| TLDR: GPT Bot is systematically accessing my private ubuntu mirror, ignoring the robots.txt Today in the morning I woke up to the following message from Cloudflare about my quota usage on Cloudflare workers >> Your account has reached 75% of its daily requests limit for Cloudflare Workers and/or Pages Functions This is unusual as only have one worker on my Cloudflare account that proxies my apt repos for my personal PC to specific upstream services. As much as the domain is public, it is not posted anywhere and only used for my home PCs. So i get the Cloudflare worker logs and see about 160k requests in the last 24 hours, up from barely 24(yes 24 in total) to various packaged via my proxy.
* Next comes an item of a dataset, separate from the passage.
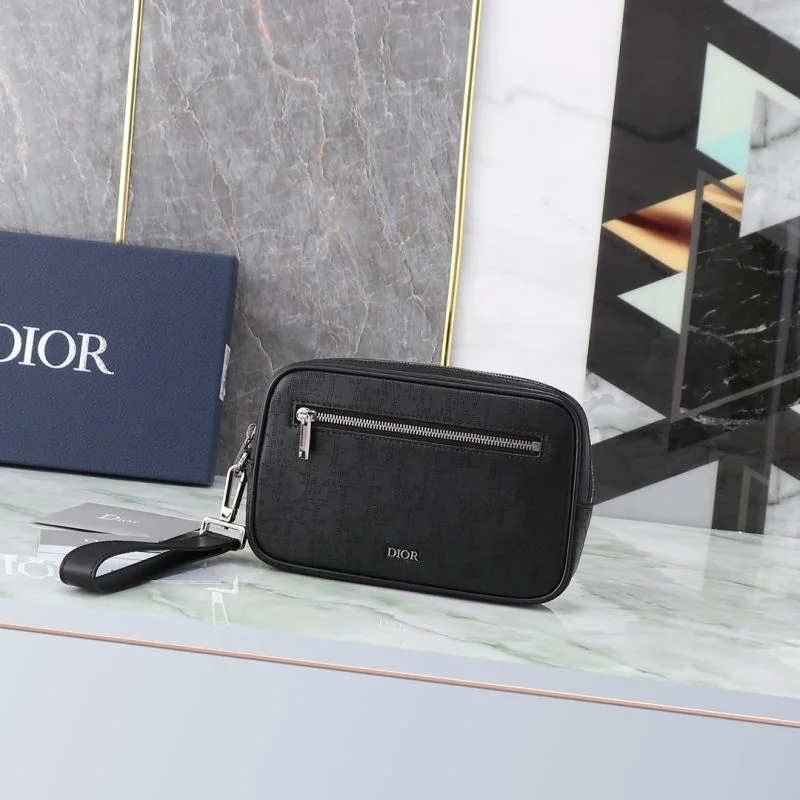 Christian Dior Cosmetic Bags Trendy 46461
Extracted part of the logs is as below >> {
>> "headers": {
>> "accept": "/",
>> "accept-encoding": "gzip, br",
>> "cf-connecting-ip": "74.7.227.53",
>> "cf-ipcountry": "US",
>> "cf-ray": "9d388b074b38d3be",
>> "cf-visitor": "{"scheme":"https"}",
>> "connection": "Keep-Alive",
>> "from": "gptbot(at)openai.com",
>> "host": "XXXXXXXXXXXXXXXXX.brotich.workers.dev",
>> "referer": "https://XXXXXXXXXXXXXXXXX.brotich.workers.dev/ubuntu/pool/universe/z/zephyr/",
>> "user-agent": "Mozilla/5.0 AppleWebKit/537.36 (KHTML, like Gecko; compatible; GPTBot/1.3; +https://openai.com/gptbot)",
>> "x-forwarded-proto": "https",
>> "x-openai-host-hash": "103003167",
>> "x-real-ip": "74.7.227.53"
>> }
>> } as you can see, the request is from GPTBot that collect training data. Now the annoying bit:
- according to openapi, they respect robots.txt. I have this set up on my domain as follows >>> # BEGIN Cloudflare Managed content
>>>
>>> User-agent: *
>>> Content-Signal: search=yes,ai-train=no
>>> Allow: /
>>>
>>> User-agent: Amazonbot
>>> Disallow: /
>>>
>>> User-agent: Applebot-Extended
>>> Disallow: /
>>>
>>> User-agent: Bytespider
>>> Disallow: /
>>>
>>> User-agent: CCBot
>>> Disallow: /
>>>
>>> User-agent: ClaudeBot
>>> Disallow: /
>>>
>>> User-agent: Google-Extended
>>> Disallow: /
>>>
>>> User-agent: GPTBot
>>> Disallow: /
>>>
>>> User-agent: meta-externalagent
>>> Disallow: /
>>>
>>> # END Cloudflare Managed Content This is just a hobby project, and I have put safeguards on Cloudflare to prevent scarping by bot. there is nothing of value in there. it's just a proxy for my own use. why say you respect robots.txt if you dont? |
UA-based blocking will always be a game of whack-a-mole for this. Cloudflare's bot score (available in the Workers environment as `cf.bot_management.score`) is a lot more durable — you can rate-limit or challenge anything under 30 without caring what UA they claim. Pair that with a Turnstile challenge on any endpoint you actually need to protect, and you remove the attack surface entirely rather than blocking individual bots.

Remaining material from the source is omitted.